Moreover, the business aces actually believe their banal bromides.

“I don’t get emotional,” says Bartiromo. “I say it straight. My M.O has always been to get to the bottom line. I don’t like to pontificate and put in a lot of adjectives.”

Velshi, too, focuses above the neck.

“I cut through the emotional response,” he says. “I’ve got statistics I can lean on to show that markets do go up over time; that the right kind of investment strategies do win. Panic is not your friend.”

For such telegenic purveyors of chill, however, Bartiromo and Velshi both possess a verbal drive that could power a Fortune 500 conglomerate. Scary.

Then again, maybe it has to do with the fact that they, like many of their colleagues, have been working 24/7 chronicling the country’s economic madness.


Yesterday was particularly surreal, with the Dow plunging 777 points as Congress voted down the $700 billion bailout bill.

For Bartiromo, a 15-year CNBC veteran, “it’s exciting and upsetting at the same time. I follow the money. That’s what I do. As a human being, as a participant in the U.S. economy, I feel it. This is clearly a crisis.

“I walk around my neighborhood and see restaurants that are closed. I have friends at investment banks who have lost jobs. This is not about Wall Street and fat cats. We’re in it together.”

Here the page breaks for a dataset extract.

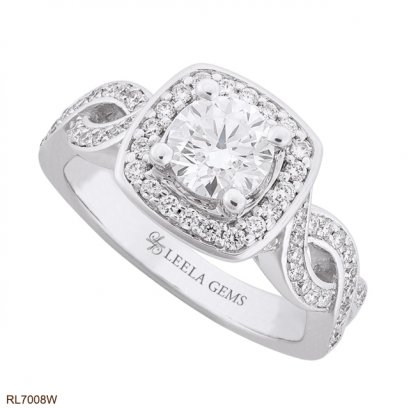 แหวนเพชรล้อม น้ำ 99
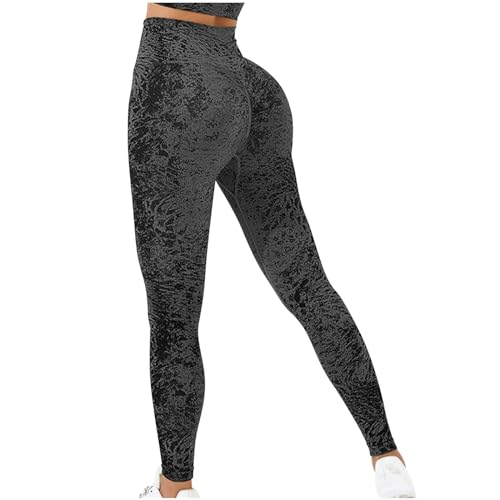 DASAYO Lightning Deals of Today Prime Clearance Women's Shaping Leggings Scrunch Butt Lifting Full Length Tight Activewear Pant High-Waisted Yoga Pants Gym Leggings for Women Black M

“The last couple of days have been extreme,” Velshi adds. “There’s a fire burning, but we can’t put it out because we’re trying to figure out how the fire started and who’s to blame. You need to put out the fire, then deal with causes as soon as you can get to it.”

As for the bailout bill, Velshi and Bartiromo both support it.

“It’s unfortunate that people voting on this legislation in Washington are having a hard time separating Wall Street from Main Street,” she says.

“One of the reasons the bill failed is because certain people in Congress are saying, ‘We’re not going to rubber stamp a $700 billion check for Wall Street fat cats.’

“The truth is, what happens in the market matters to all of us – the person wanting a car loan, the person wanting a student loan, the person looking to buy a home. This is not a Wall Street problem.”